I certainly don't expect the mom who works full time, runs her kids to activities, shops and cleans to throw the ol' apron on and put out a five course spread every night...but with a TEENY bit of pre-planning you can easily reduce how often you eat out or grab frozen entrees during the week. Both dinnertime options are not only costly, but can also have an impact on your health, when you consider the preservatives it takes to make fresh food shelf-stable.
Here's an easy way to reduce your dinnertime costs THIS WEEK:
- Look at your schedule for the week. Is there one night you will have about 30-45 minutes free before dinnertime? Ideally you should try for two nights, but one's better than none!
- Take a minute to browse your cookbooks or online for recipes that won't take long to make. Pasta bakes and rice casseroles work very well for this exercise. Need a place to start? Try some of these resources:
30 Minute recipes at cdkitchen.com
Quick Dinner Recipes at Taste of Home
Allrecipes.Com Quick and Easy recipe library
- Now for the tricky part: DOUBLE THE RECIPE. It will only add about 5-10 minutes of prep time for you to make two full meals worth, and since you're already in the kitchen you may as well put the time to good use!

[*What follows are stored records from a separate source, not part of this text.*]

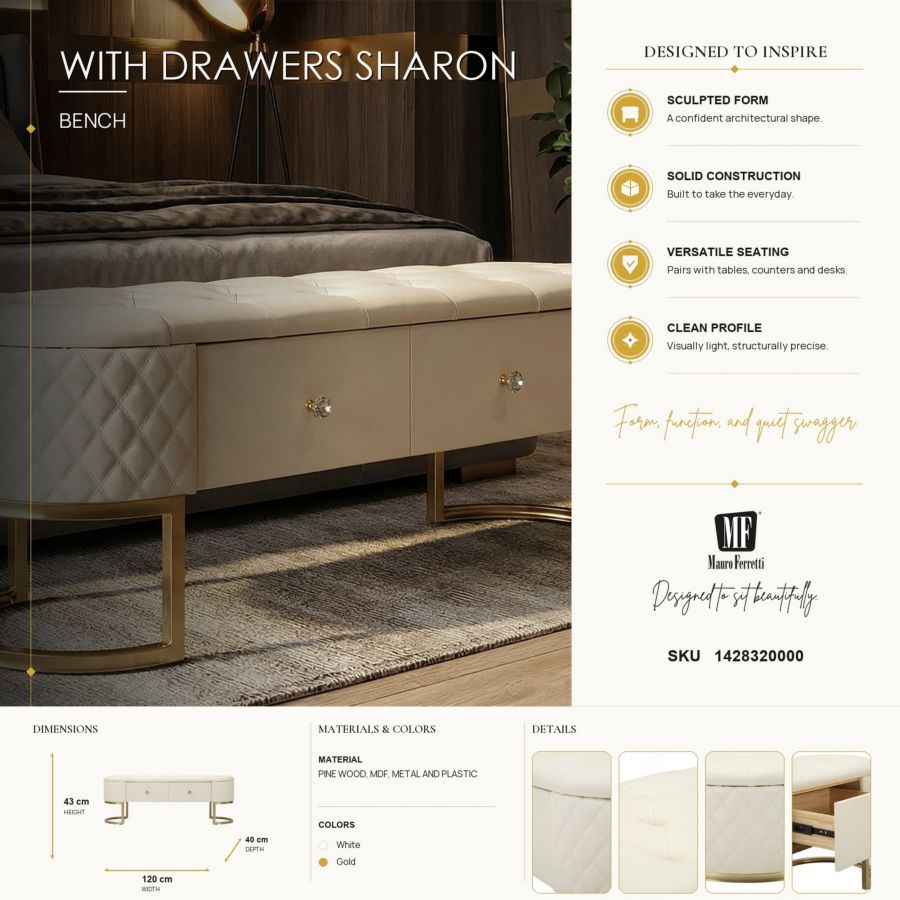 Panca c/cassetti sharon cm 120x40x43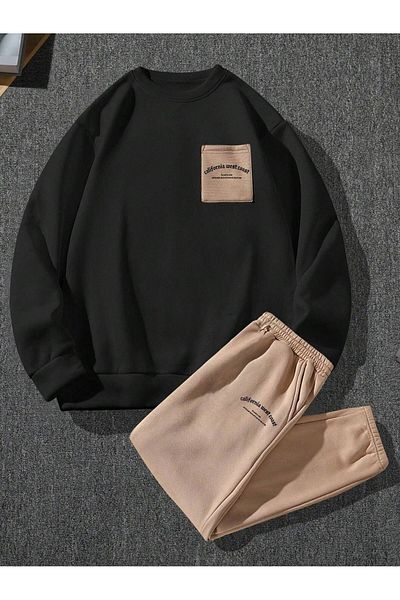 Know Men's 3 Thread Black Mink Pocket California Print Bottom Top Tracksuit Set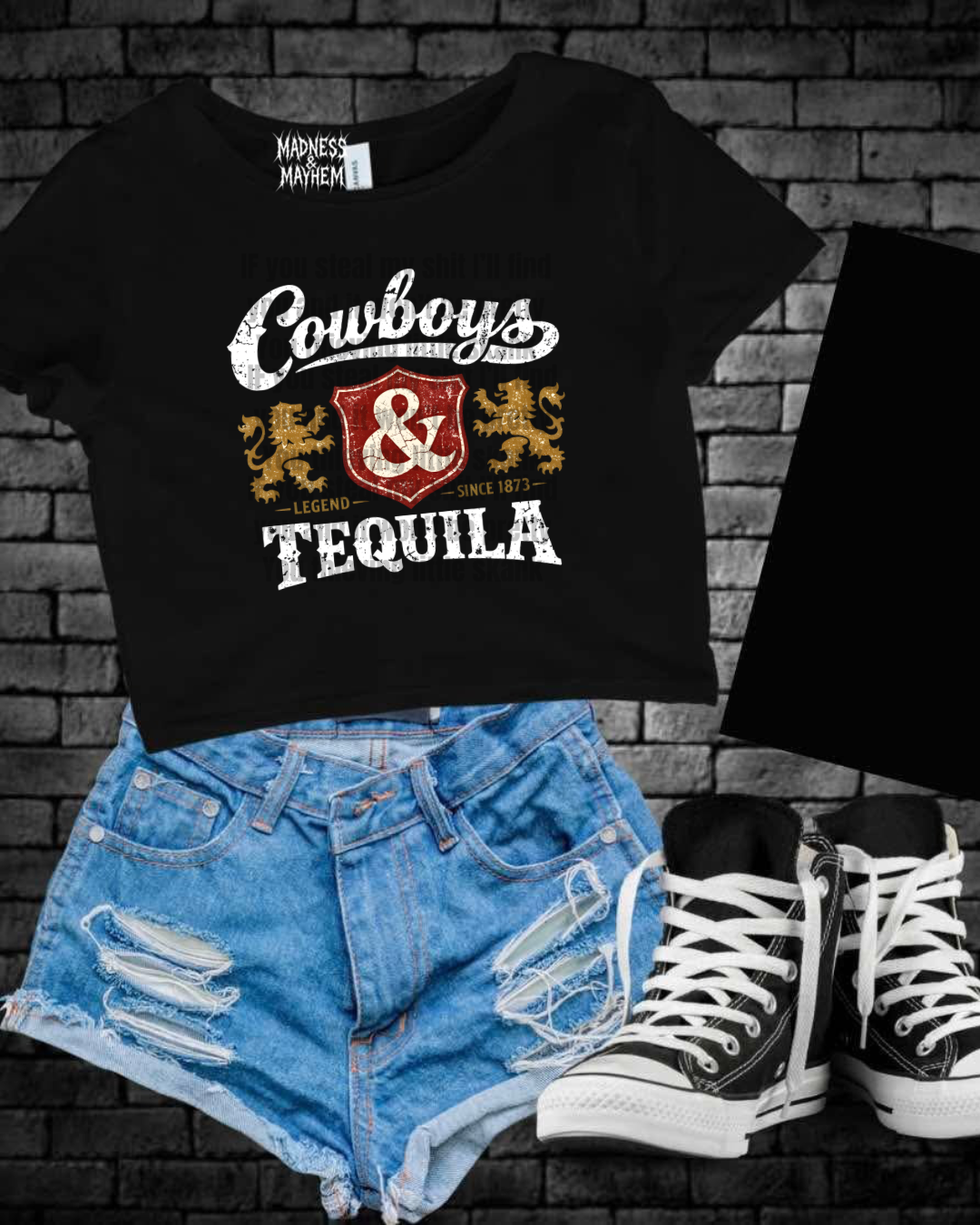 Cowboys & tequila Cropped Tee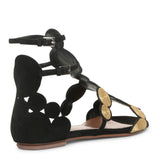 Black suede gold raffia flat sandals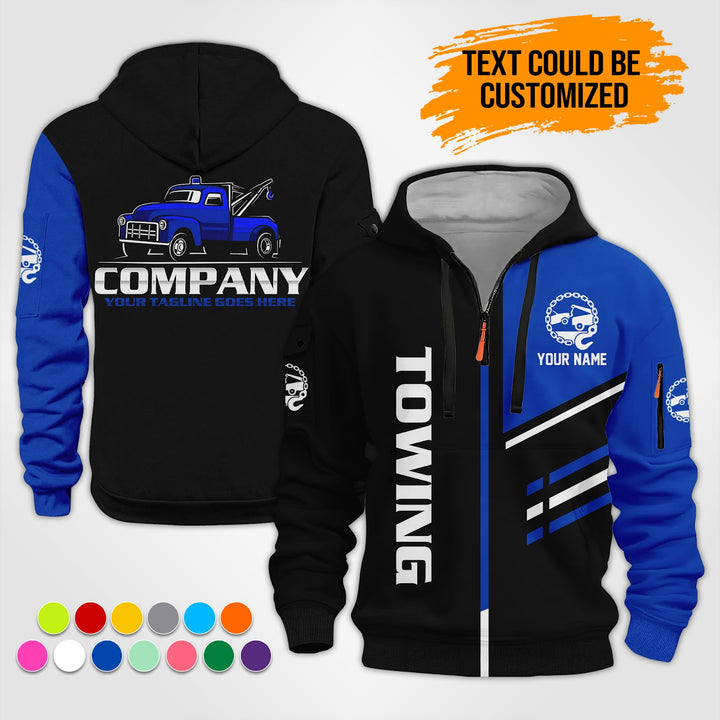 Personalized Name Vintage Towing 3D Printed Quarter Zip Hoodie ST312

Make your grocery list ahead of time so you'll have everything you need (and to help you stick to the plan - writing down your goals and plans increases your chances of acheiving them!)
Before an hour is up on the day you cook, you will have TWO fully prepared meals - send one to the table, and immediately wrap the other one and pop it in the freezer. I use a sharpie marker and write what the dish is right on the foil, along with the reheating instructions. If your family's schedule makes it hard to all sit down together, invest in some single-serve plastic storage containers. Dish out the servings and freeze for lunches or dinners on the go. Then make your family do the dishes as a reward for your hard work :)
If you can do that once or twice a week, before too long you'll have a nice reserve of frozen entrees sans preservatives at your fingertips - not to mention you'll have made dinner for less than $3 a serving, instead of $10 a head at a restaurant! Getting in that habit may inspire you to start meal planning a week at a time, which will do wonders for your food budget and your peace of mind. Get REALLY good, and you can try your hand at once a month cooking!